◆ **Exercise prompt**: Copy nothing but the lines from the one containing "16 Photograph of" through the last line of the entries below, exactly as written and without pictures.

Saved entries
□ □ □ □ □ □ □

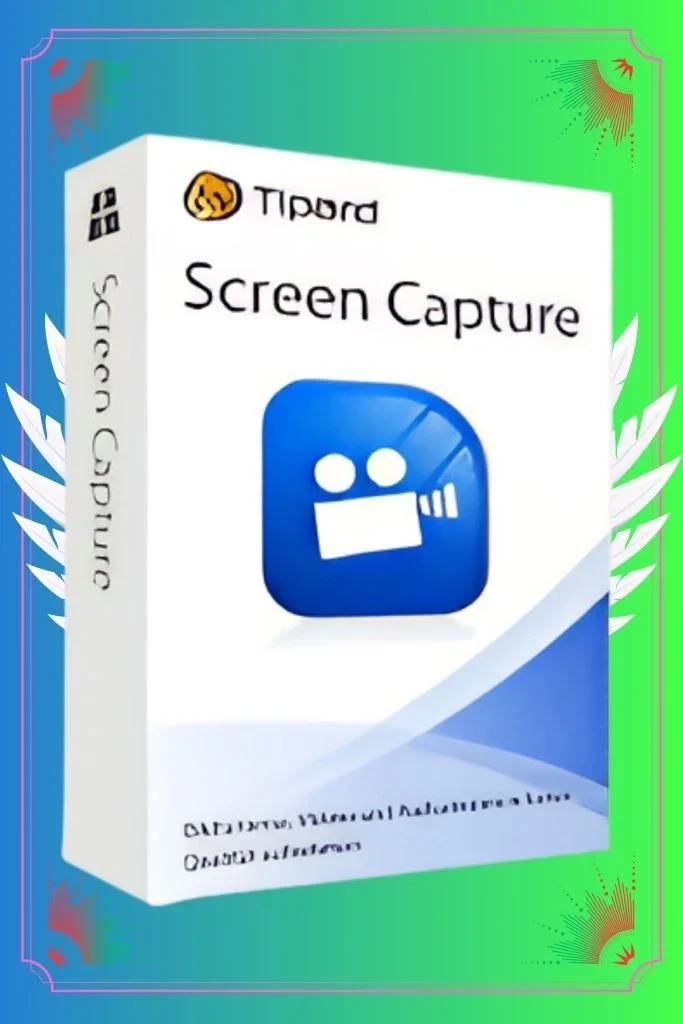 Tipard Screen Capture: ключ активации на 1 год (Онлайн)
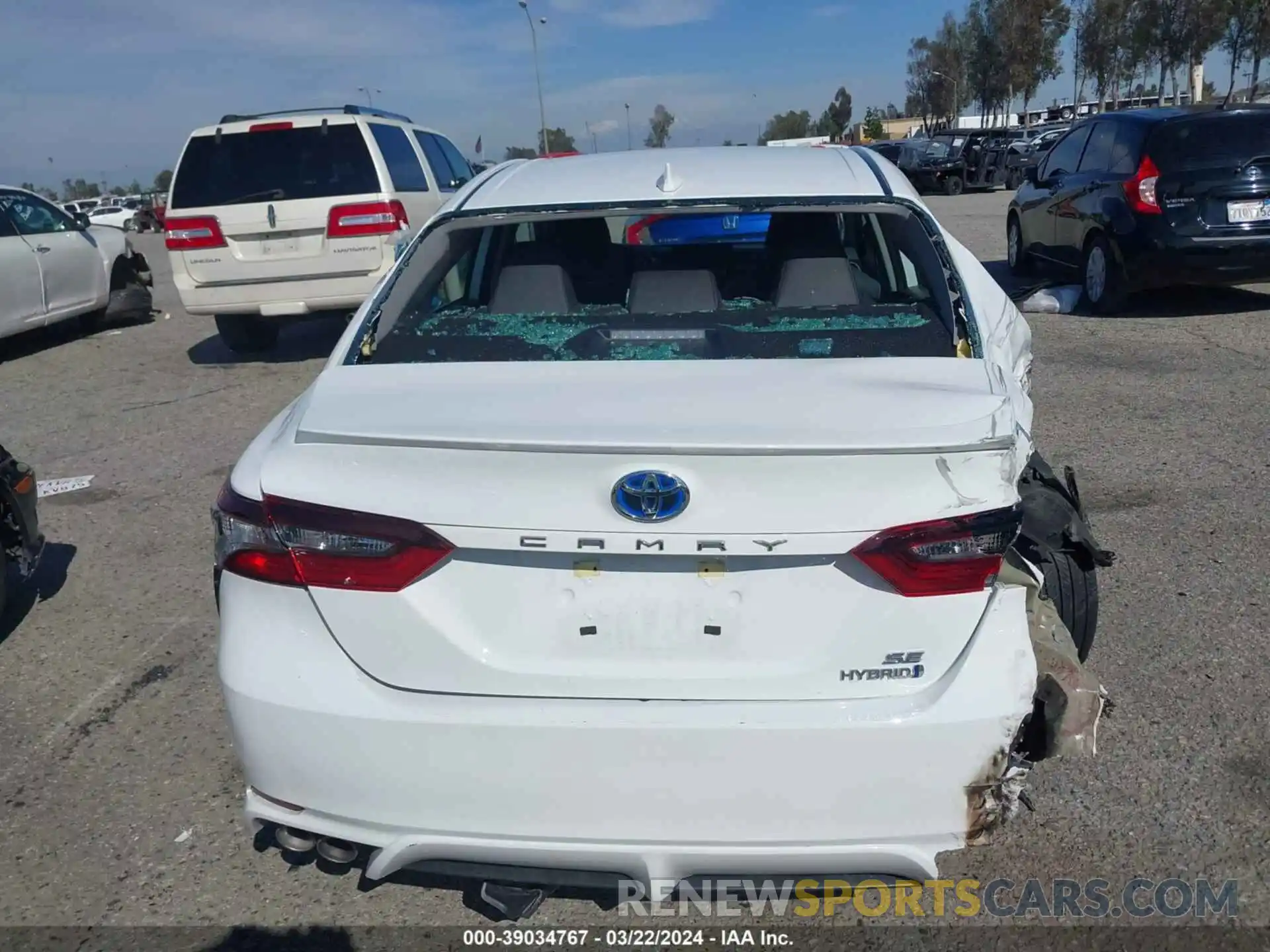 16 Photograph of a damaged car 4T1G31AK4PU609778 TOYOTA CAMRY 2023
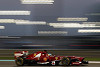 Foto zur News: Ferrari enttäuscht: Wo ist die Pace?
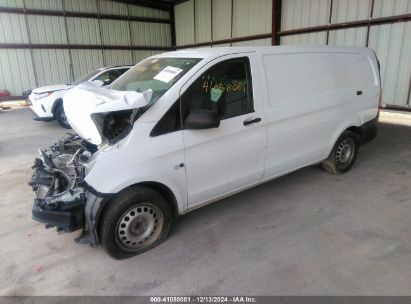 2019 MERCEDES-BENZ METRIS White  Gasoline WD3PG2EA8K3601269 photo #3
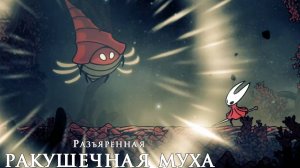 Hollow Knight Silksong - Разъярённая РАКУШЕЧНАЯ МУХА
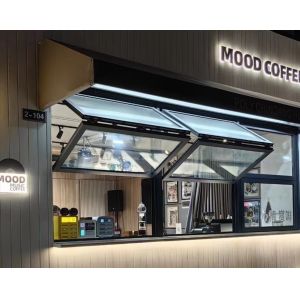 Quality Essentialist Folding Window Philosophy Removing Visual Clutter Through Hidden Hardware and Flush Tracks for sale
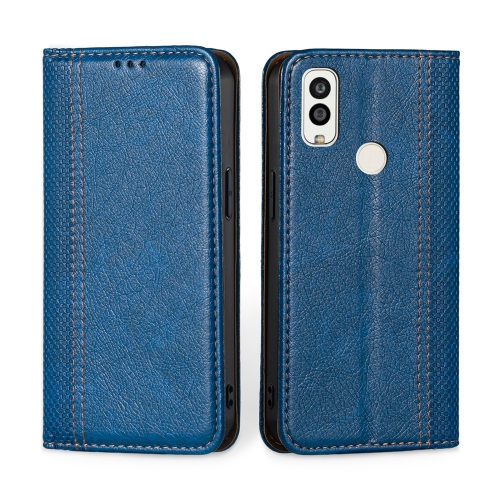 Kyocera Android One S9 Texture Magnetic Flip Leather Phone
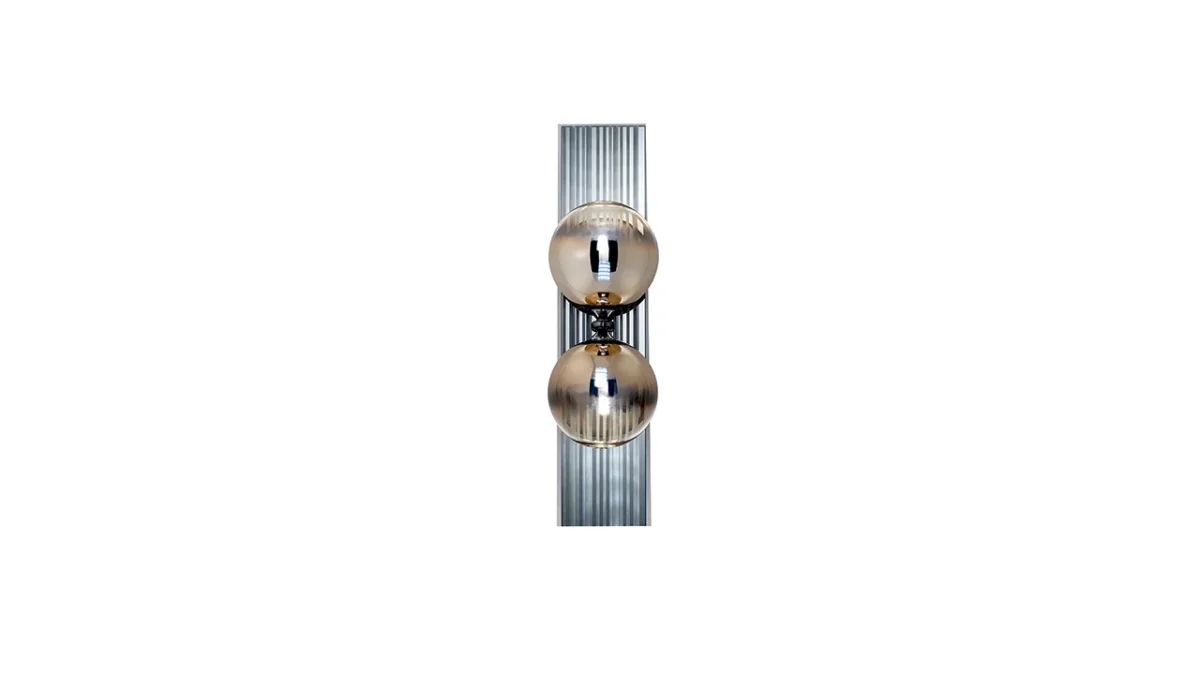 XL Bubbles Wall Light Reflex luxury Italian wall sconce with bubble glass design tailored for upscale interiors in Royal Oak Michigan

□ □ □ □ □ □ □

◆ **Answer to the exercise**:
 16 Photograph of a damaged car 4T1G31AK4PU609778 TOYOTA CAMRY 2023
 Foto zur News: Ferrari enttäuscht: Wo ist die Pace?
 2019 MERCEDES-BENZ METRIS White  Gasoline WD3PG2EA8K3601269 photo #3
 Hollow Knight Silksong - Разъярённая РАКУШЕЧНАЯ МУХА
 Quality Essentialist Folding Window Philosophy Removing Visual Clutter Through Hidden Hardware and Flush Tracks for sale
 Kyocera Android One S9 Texture Magnetic Flip Leather Phone
 XL Bubbles Wall Light Reflex luxury Italian wall sconce with bubble glass design tailored for upscale interiors in Royal Oak Michigan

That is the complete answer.